An hour later I saw the back end of a large horned, brown billy round a corner in front of me. I could hear his padded hooves on the rocks as he circled back on a ledge above me. I leaned into the cliff face to nock an arrow and draw the string. The trail was less than 2 feet wide and the drop was not something I wanted to think about. I pointed my arrow upwards in the cocked bow and slowly leaned out across the trail. My movement caught the goat’s eye and he peered down at me…from 8 feet away. This time, shooting instinctive without my sight pin, I “felt” the arrow into his chest and watched him vaporize.
I waited about 30 minutes, sitting on the trail, pondering the outcome. I knew it takes some time for the broadhead to do its work, and I needed the time to hydrate and get my heartbeat back down to a normal level. The vision of the events played over again in my mind as I sat looking at the sparkling azur coastline 2500 feet below me. It took me about 10 minutes to negotiate to the point above me where the goat had been. A pile of long chest hair told me that my arrow had been true.
All my reading of bowhunting articles, practice, and my patience while sitting on the trail had paid off. Following the blood trail was as easy as following a painter splashing bushes with a soaked 8 inch wide paintbrush. I could picture the blood spurting from the clean wound with every step the goat took. The animal ran less than a hundred yards, losing several parts of my broken arrow along the way, before coming to rest in a 50 foot deep ravine. As the adreneline started to drain, I climbed down into the ravine and got down to the task of dressing out my kill.
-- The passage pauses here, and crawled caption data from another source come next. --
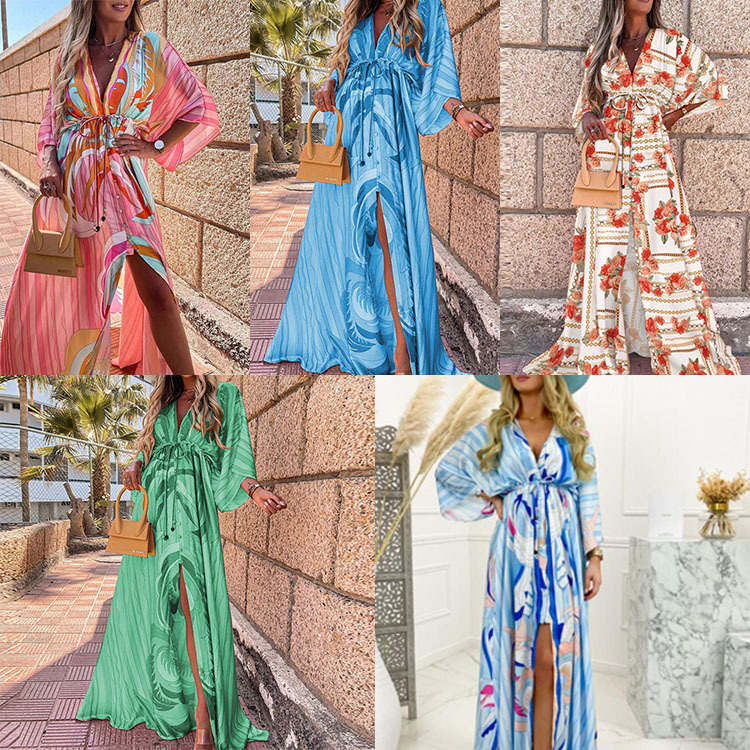 Women's Swing Dress Classic Style Streetwear V Neck Printing 3/4 Length Sleeve Color Block Maxi Long Dress Holiday display picture 1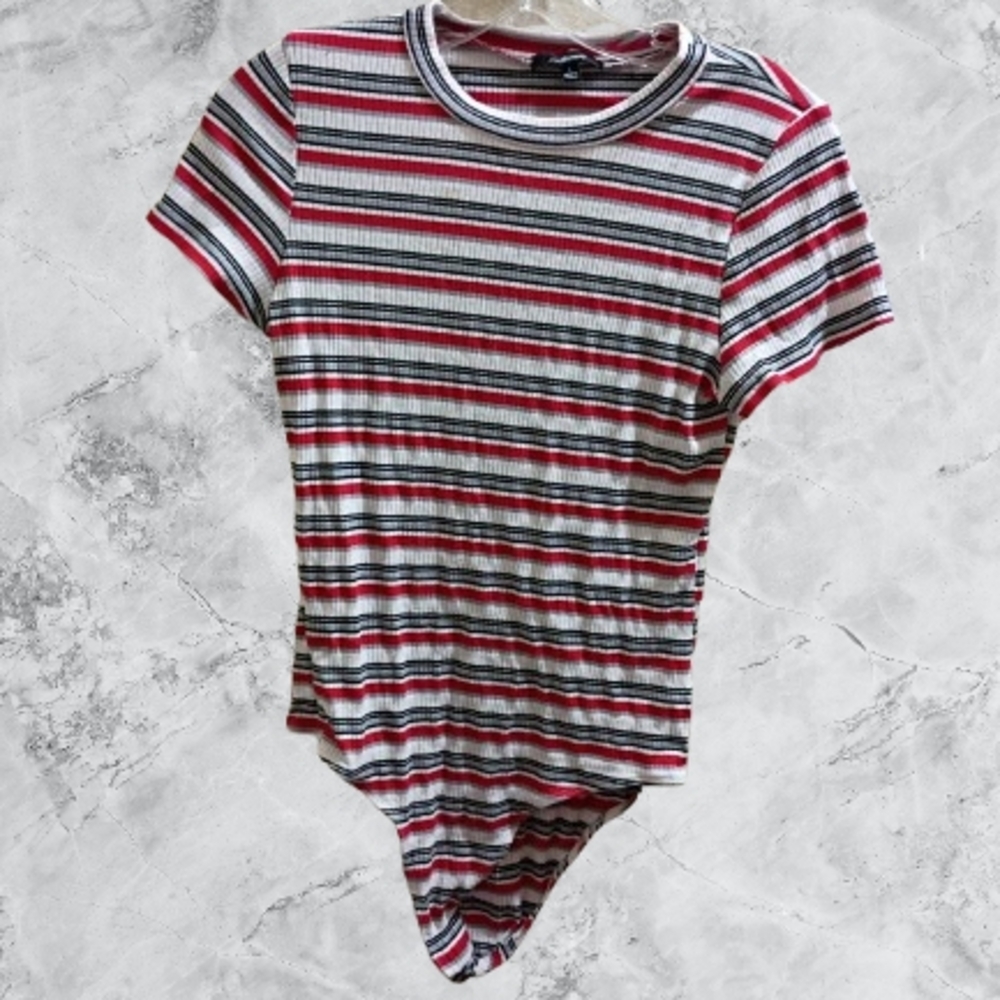 💙  5 For $25 Ambiance Striped Red Black Great And White Bodysuit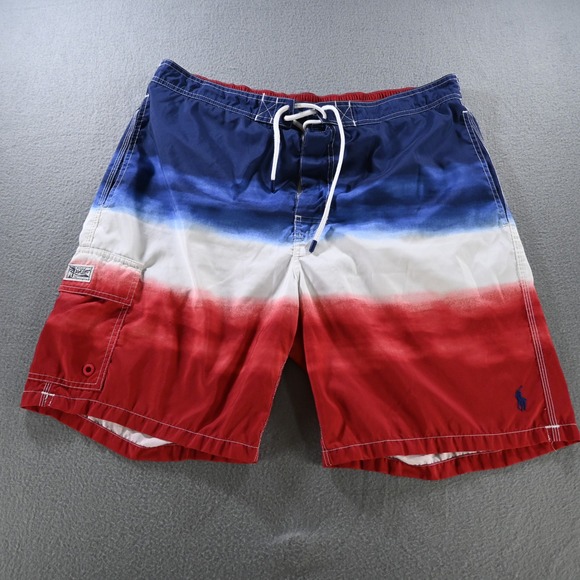 Polo Ralph Lauren Other - Polo Ralph Lauren Mens Ombre Americana Swim Trunks XXL Red White Blue USA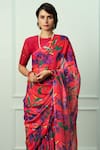 Shop_Atelier Shikaarbagh_Red Printed Floral Radhika Saree With Unstitched Blouse Piece  _Online_at_Aza_Fashions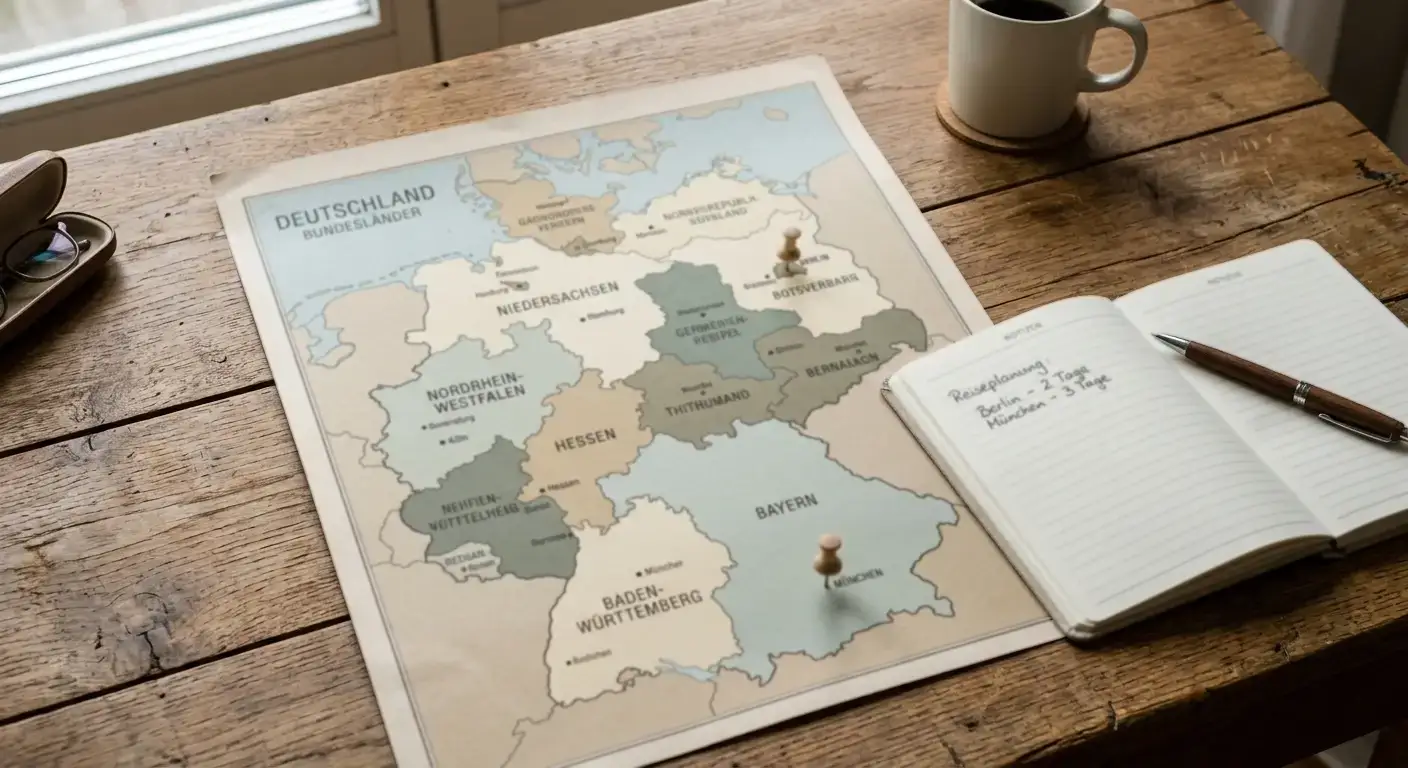 Karte von Deutschland mit zwei markierten Bundesländern auf einem Schreibtisch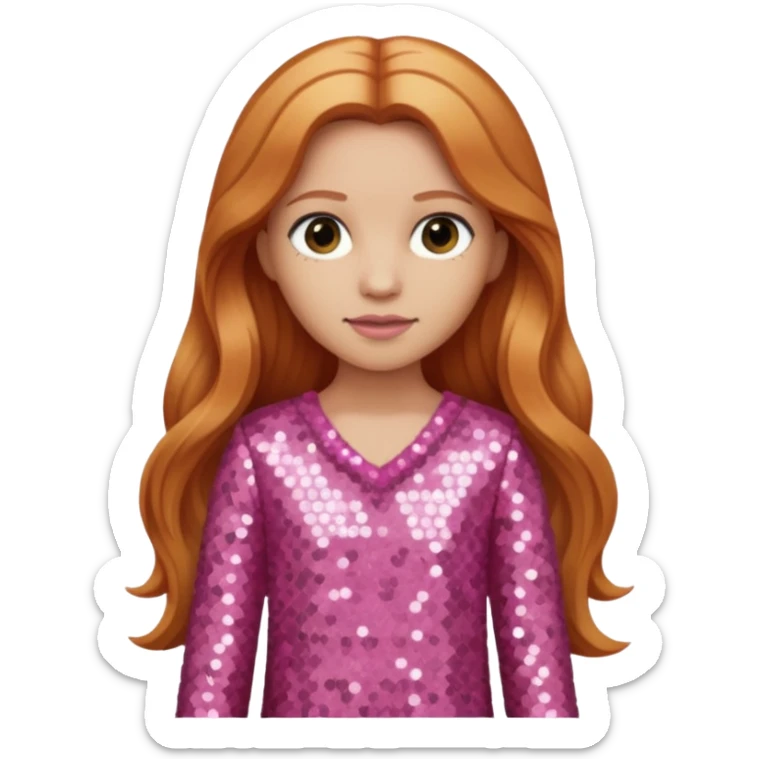 Carrie White with light skin, long reddish blonde hair, pink sequin outfit sticker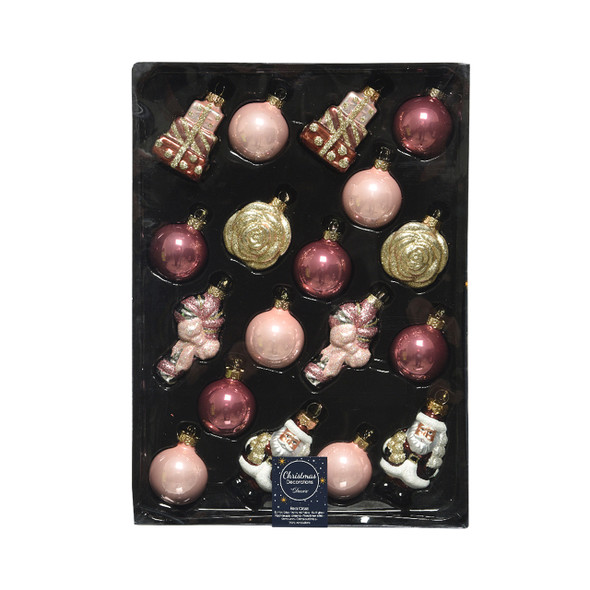 Mauve and Champagne Glass Christmas Classic Ornaments, Set of 18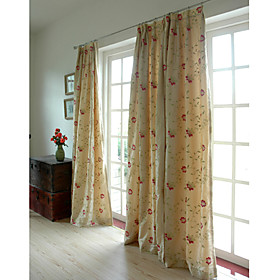 Beige Flower Embroidery Country Lined Window Curtain (Pair) Beige Flower Embroidery Country Lined Window Curtain (Pair)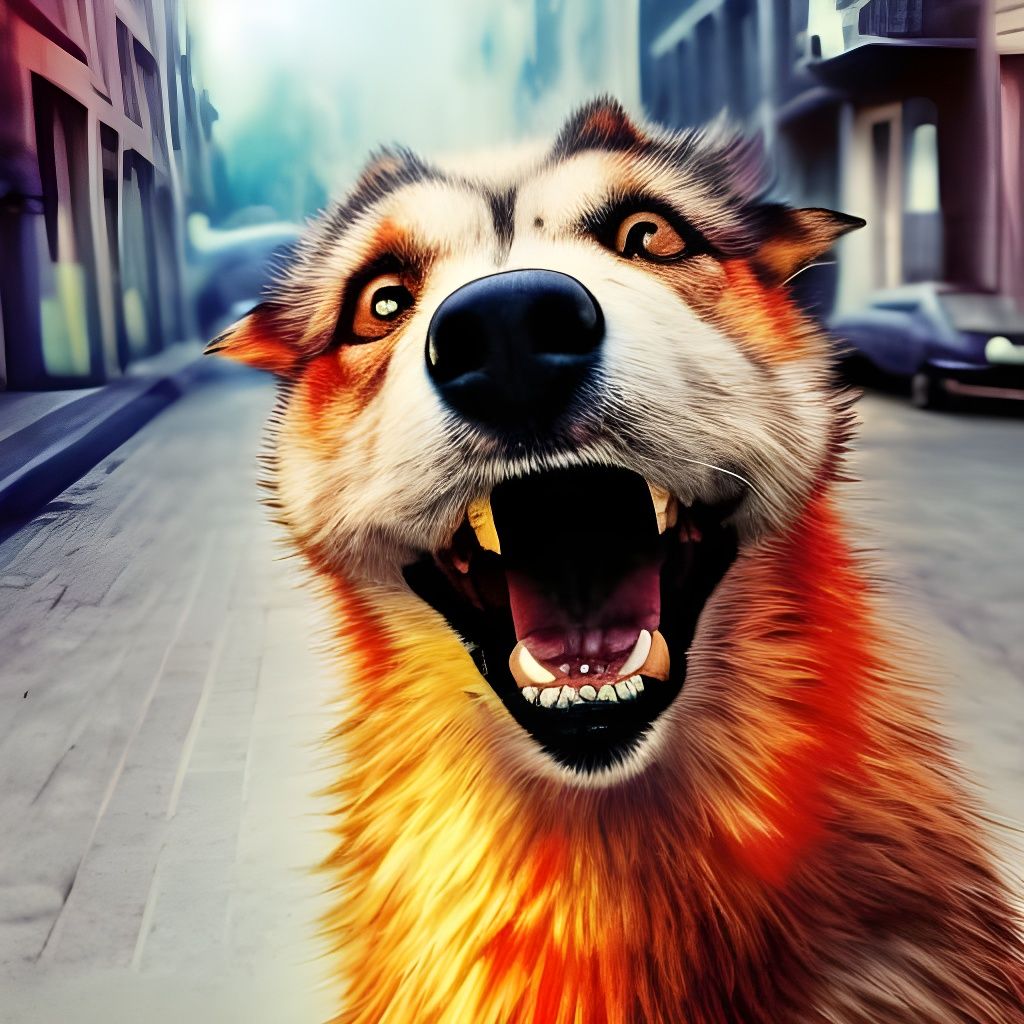 Hyperrealistic Angry Dog Barking in Street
In the spirit of the native hunters, I wanted to honor this animal for giving his life to me by using every part of it that I could. My son and I tanned the hide and made a quiver for his small target arrows, while the feet became part of a rack for our bows and arrows. The horns and skull were European-style mounted and the meat fed many friends as I danced around a BBQ fire and recounted my hunt.
My arsenal of bows has since been modernized, but my first compound is still my favorite and most productive with fish and game. The secondhand bow, once doomed for the landfill, became a legend in the hands of a believer in the true spirit of the hunt.